*AIM OF THE TASK*: Without the pictures, give the listing below again exactly.

*SUPPLIED INFORMATION*:

"""

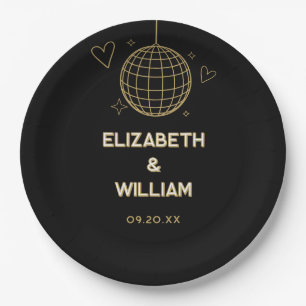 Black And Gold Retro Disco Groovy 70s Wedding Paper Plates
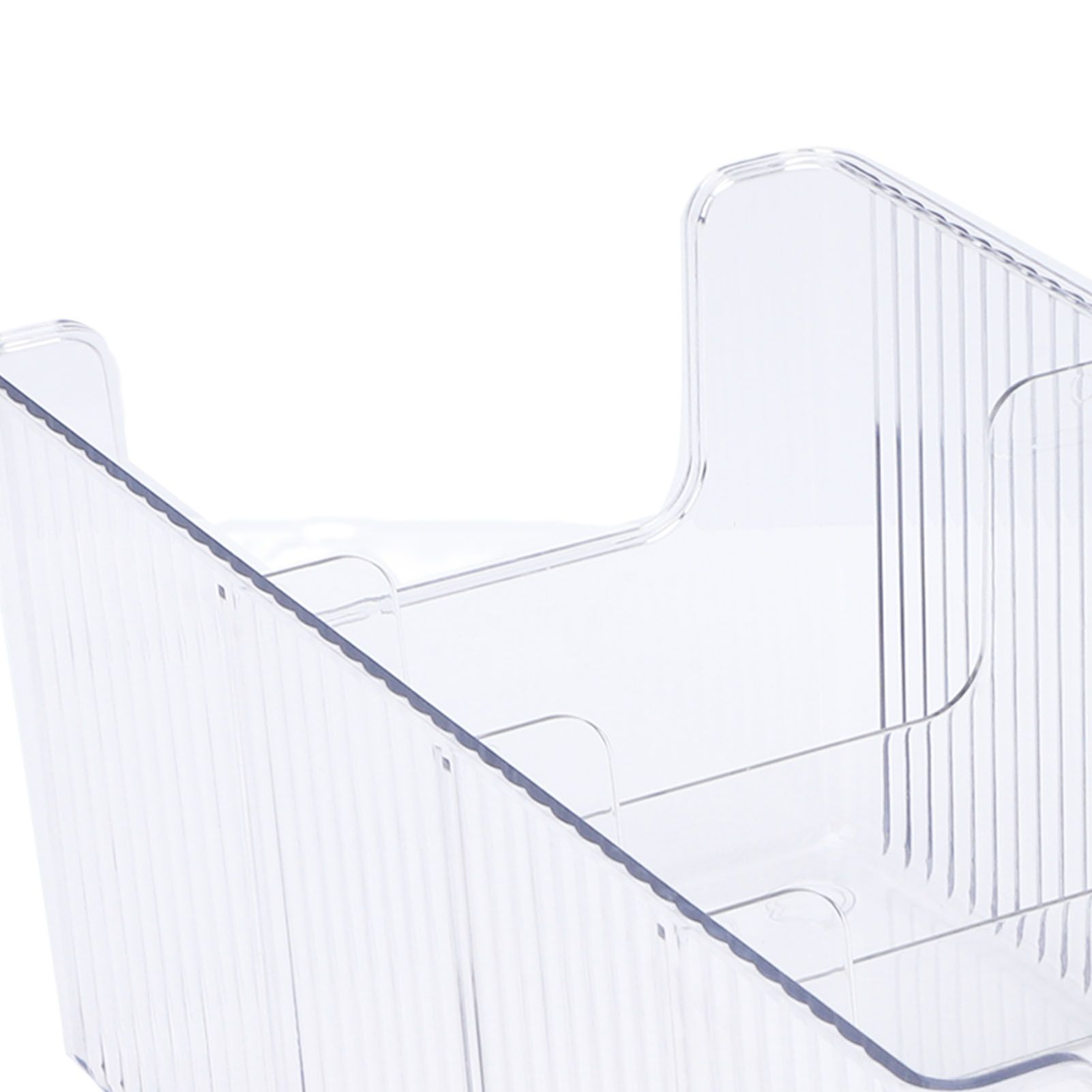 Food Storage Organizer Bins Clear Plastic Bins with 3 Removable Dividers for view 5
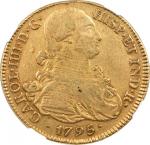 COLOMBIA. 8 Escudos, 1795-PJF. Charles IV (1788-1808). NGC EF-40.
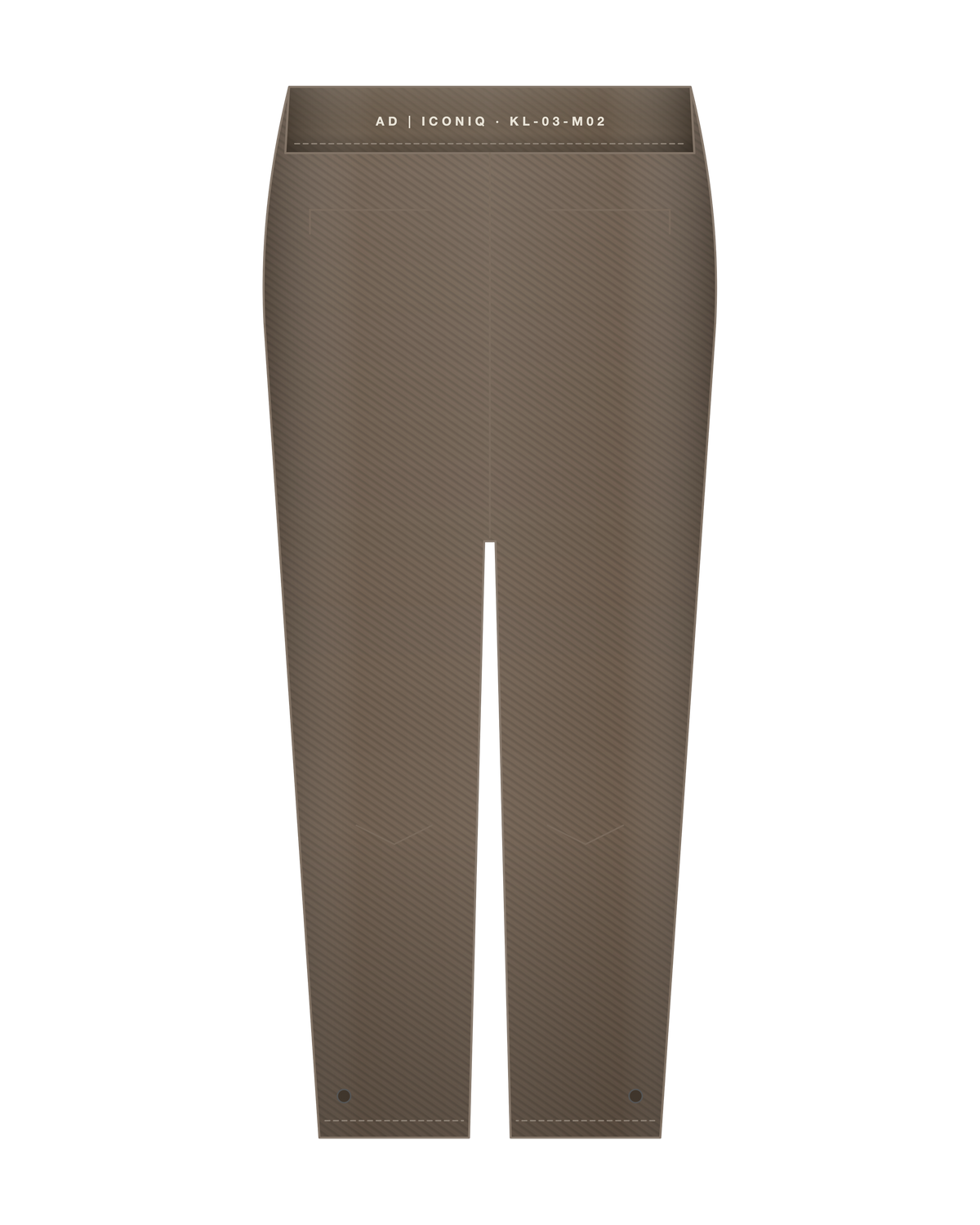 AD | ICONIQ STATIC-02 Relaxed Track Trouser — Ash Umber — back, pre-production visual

"""

*RESPONSE*:
 Black And Gold Retro Disco Groovy 70s Wedding Paper Plates
 Food Storage Organizer Bins Clear Plastic Bins with 3 Removable Dividers for view 5
 COLOMBIA. 8 Escudos, 1795-PJF. Charles IV (1788-1808). NGC EF-40.
 AD | ICONIQ STATIC-02 Relaxed Track Trouser — Ash Umber — back, pre-production visual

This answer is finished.